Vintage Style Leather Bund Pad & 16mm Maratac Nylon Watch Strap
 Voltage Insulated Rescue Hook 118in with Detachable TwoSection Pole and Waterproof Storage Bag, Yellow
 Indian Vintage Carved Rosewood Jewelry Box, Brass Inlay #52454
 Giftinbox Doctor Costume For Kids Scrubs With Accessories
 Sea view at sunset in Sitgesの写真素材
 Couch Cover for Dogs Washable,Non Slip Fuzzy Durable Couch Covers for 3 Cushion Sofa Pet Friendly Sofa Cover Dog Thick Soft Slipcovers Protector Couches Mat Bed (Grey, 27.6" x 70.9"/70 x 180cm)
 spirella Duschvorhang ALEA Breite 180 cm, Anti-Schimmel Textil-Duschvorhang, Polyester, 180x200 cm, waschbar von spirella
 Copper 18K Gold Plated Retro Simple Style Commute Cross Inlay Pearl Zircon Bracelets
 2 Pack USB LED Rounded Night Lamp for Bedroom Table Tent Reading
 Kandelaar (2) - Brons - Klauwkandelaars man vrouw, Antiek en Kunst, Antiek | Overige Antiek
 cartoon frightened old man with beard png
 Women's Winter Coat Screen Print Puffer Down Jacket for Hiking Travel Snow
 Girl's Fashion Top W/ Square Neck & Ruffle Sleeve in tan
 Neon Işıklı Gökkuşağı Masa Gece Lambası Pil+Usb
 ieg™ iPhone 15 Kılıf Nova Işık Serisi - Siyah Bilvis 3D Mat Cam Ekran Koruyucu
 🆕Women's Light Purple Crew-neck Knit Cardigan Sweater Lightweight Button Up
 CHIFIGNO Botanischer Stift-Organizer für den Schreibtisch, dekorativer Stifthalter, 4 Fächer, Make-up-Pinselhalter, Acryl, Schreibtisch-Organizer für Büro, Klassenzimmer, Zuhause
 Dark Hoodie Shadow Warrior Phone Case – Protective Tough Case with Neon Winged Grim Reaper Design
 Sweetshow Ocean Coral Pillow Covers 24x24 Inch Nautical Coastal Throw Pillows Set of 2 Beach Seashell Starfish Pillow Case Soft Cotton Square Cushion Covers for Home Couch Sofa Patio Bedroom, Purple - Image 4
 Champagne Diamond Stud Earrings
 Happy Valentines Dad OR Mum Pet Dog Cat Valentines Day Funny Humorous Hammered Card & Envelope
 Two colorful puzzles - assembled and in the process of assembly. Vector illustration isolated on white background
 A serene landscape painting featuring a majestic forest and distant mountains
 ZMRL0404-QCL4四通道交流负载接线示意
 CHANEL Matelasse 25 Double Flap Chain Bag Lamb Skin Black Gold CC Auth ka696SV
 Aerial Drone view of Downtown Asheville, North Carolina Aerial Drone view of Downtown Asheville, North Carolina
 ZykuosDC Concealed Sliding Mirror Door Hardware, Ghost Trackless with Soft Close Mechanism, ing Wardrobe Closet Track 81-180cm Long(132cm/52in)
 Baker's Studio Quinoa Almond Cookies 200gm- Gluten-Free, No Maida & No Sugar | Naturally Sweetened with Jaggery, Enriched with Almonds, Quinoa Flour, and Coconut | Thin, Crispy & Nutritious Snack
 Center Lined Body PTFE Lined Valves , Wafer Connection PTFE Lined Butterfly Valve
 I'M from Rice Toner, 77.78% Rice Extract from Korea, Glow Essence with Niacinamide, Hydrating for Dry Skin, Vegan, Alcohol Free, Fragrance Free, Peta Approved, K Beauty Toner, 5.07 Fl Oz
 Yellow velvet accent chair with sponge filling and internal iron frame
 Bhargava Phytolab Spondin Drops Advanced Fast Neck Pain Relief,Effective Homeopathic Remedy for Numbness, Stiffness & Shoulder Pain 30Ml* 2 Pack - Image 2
☆ ☆ ☆ ☆
Problem to solve:
Set down, from the entries above, exactly the lines from the one with "Giftinbox Doctor Costume" up to and including the one with "Couch Cover for", and no other lines.

Result for this task:
 Giftinbox Doctor Costume For Kids Scrubs With Accessories
 Sea view at sunset in Sitgesの写真素材
 Couch Cover for Dogs Washable,Non Slip Fuzzy Durable Couch Covers for 3 Cushion Sofa Pet Friendly Sofa Cover Dog Thick Soft Slipcovers Protector Couches Mat Bed (Grey, 27.6" x 70.9"/70 x 180cm)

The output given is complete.